Although the miracle question might do its magic and your client will respond with something positive, it’s equally possible that your client will say something like, “Not possible” or “The only way that would happen would be if I died in the night.” When clients are pervasively negative and hopeless, one error clinicians often make is to get into a yes-no questioning process that looks something like this:
Counselor: I’m sure there must be something that helps you feel more positive.
Client: I can’t think of anything.
Counselor: How about time with friends, does that help?
Client: No. I don’t have any real friends left.
Counselor: How about exercise?
Client: I can’t even get myself to exercise.
Counselor: Being in the outdoors helps with depression. Does that help?
Counselor: Have you tried medications?
Client: I hate medications. They made me feel like a zombie.
Entering into this exchange is unhelpful. In the end, both you and your client will be more depressed. Rather than continuing to ask what helps, try changing the focus to what doesn’t help. This shift is useful because when clients are experiencing suicidal depression, they’re more likely to resonate with negativity, and connecting with your client at the negative bottom is better than not connecting at all. The goal is to collaboratively build a continuum from the bottom up. By starting at the bottom, you’re simultaneously assessing hopelessness and intervening on the “Black-black” (as opposed to black-white) distorted thinking that you’re witnessing in session. Here’s an example:
Counselor: You’ve tried lots of different strategies to deal with your suicidal thoughts, without success. You’ve tried medications, exercise, and you’ve talked to your rabbi. Let’s list these and other things you’ve tried, and see which strategies were the worst. Of all the things you’ve tried, what was worst?
Client: I really hated exercising. It felt like I was being coerced to do something I’ve always hated. And it made me sore.
Counselor: Okay then. Exercise was the worst. You hated that. Of the other things you’ve tried, what was a little less bad than exercising?
Client: The medications. I just didn’t feel like myself.
Counselor: So that didn’t work either. So, of those three things, talking with your rabbi was the least bad?
Client: Yeah. It didn’t help much. But she was nice and supportive. I felt a little better, but I didn’t want to keep talking because she’s busy and I was a burden.

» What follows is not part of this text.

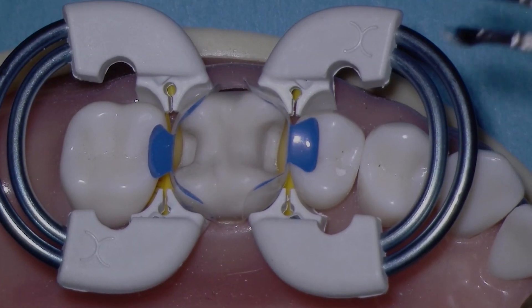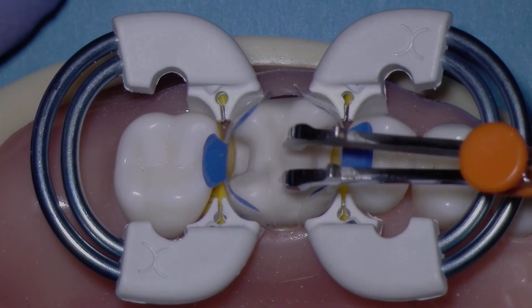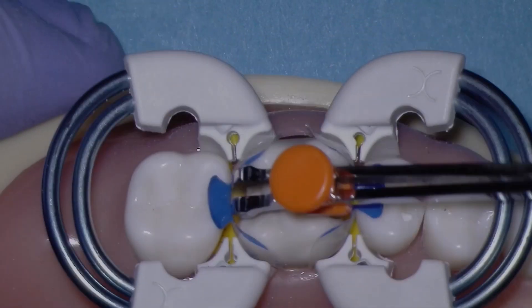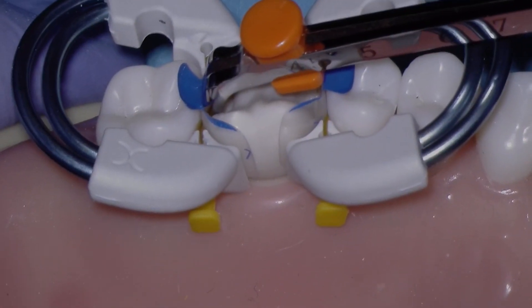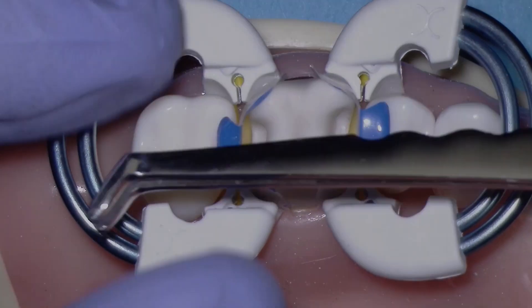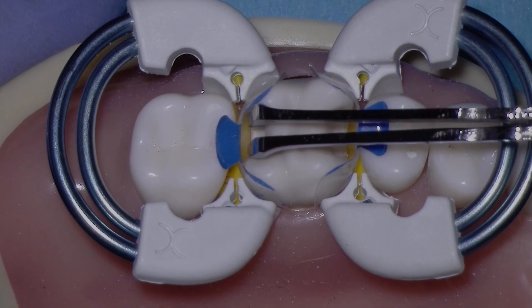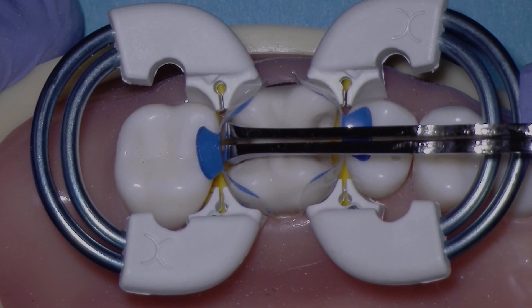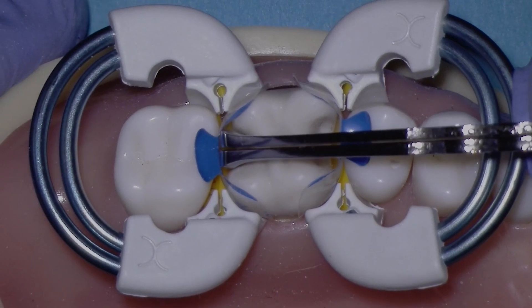Now, let's look at a small cavity preparation. Even though I would have the setting at about 4.5, it's barely fitting into the small cavity preparation. This would work, but if it was any smaller, we would need to use the small, non-adjustable end of the instrument, which easily adapts to small cavity preparations.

Focusing on the worst option resonates with a negative emotional state. For clients who are unhappy with the results of previous therapeutic efforts, beginning with the most worthless strategy of all is an easier therapeutic and assessment task, provides useful information, and is usually answered quickly. Subsequently, clinicians can move upward toward strategies that are “just a little less bad.” Building a unique continuum of what’s more and less helpful is the goal. Later, you can add new ideas that you or your client identify, and put them in their place on the continuum. If this approach works well, together with your client you will have generated several ideas (some new and some old) that are worth experimenting with in the future.
Beginning from the bottom puts a different spin on the problem-solving process. Even extremely depressed clients can acknowledge that every attempt to address their symptoms isn’t equally bad. Using a continuum is a useful tool for working with hopelessness and is consistent with the CBT technique, “Thinking in shades of grey.”